3 Reasons Non-Profit Hospital Financials Can Flounder

Non-profit hospital boards set the stage for the organization's finances, but misguided fiscal governance can lead a hospital toward financial ruin, according to a white paper from Lancaster Pollard (pdf).

Even hospital boards with the best intentions can inadvertently focus on the wrong points. Here's are three specific scenarios that could lead to problematic hospital financials or, at worst, total closure.


1. A lack of key policies, especially a spending policy.
The white paper focused on a case study of a non-profit healthcare organization that had to shutter its doors after 140 years of operation. The board did not have a concrete spending policy and relied far too heavily on endowments and donations, which ultimately resulted in the organization's demise.

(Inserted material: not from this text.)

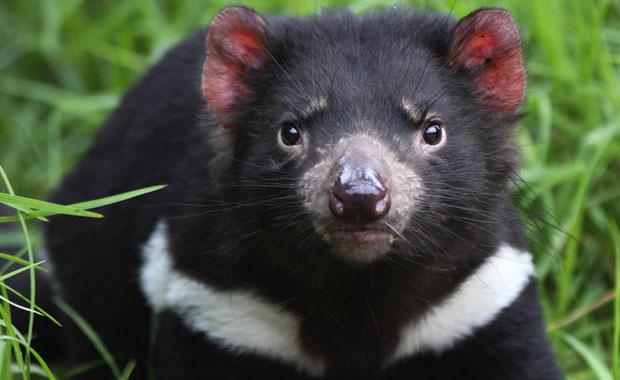 Tasmanian Devil Going Extinct From Cancer San Diego Zoo Donates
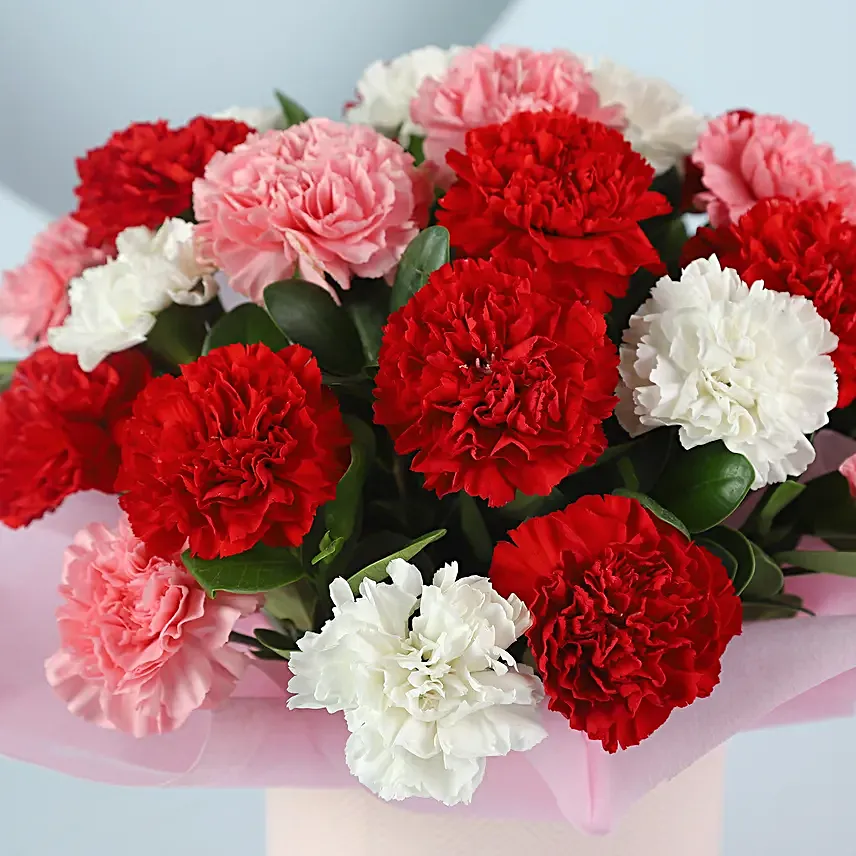 Spring Love Mixed Carnations Pink Box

2. Inordinately high Medicaid mix. While non-profit hospitals and health systems treat all patients according to their missions, an excessive mix of Medicaid patients could lock the facility in a "negative spread of revenue" that will not keep pace with higher expenses, according to the white paper. Medicare and commercially insured patients have to become a stable part of the payor mix.

3. No benchmarks to measure wages and expenses. Overstaffing, inefficient staffing, high wages and benefits, and little oversight over government subsidies could doom a hospital. Benchmarks ought to be utilized both internally and among other similar institutions, according to the paper.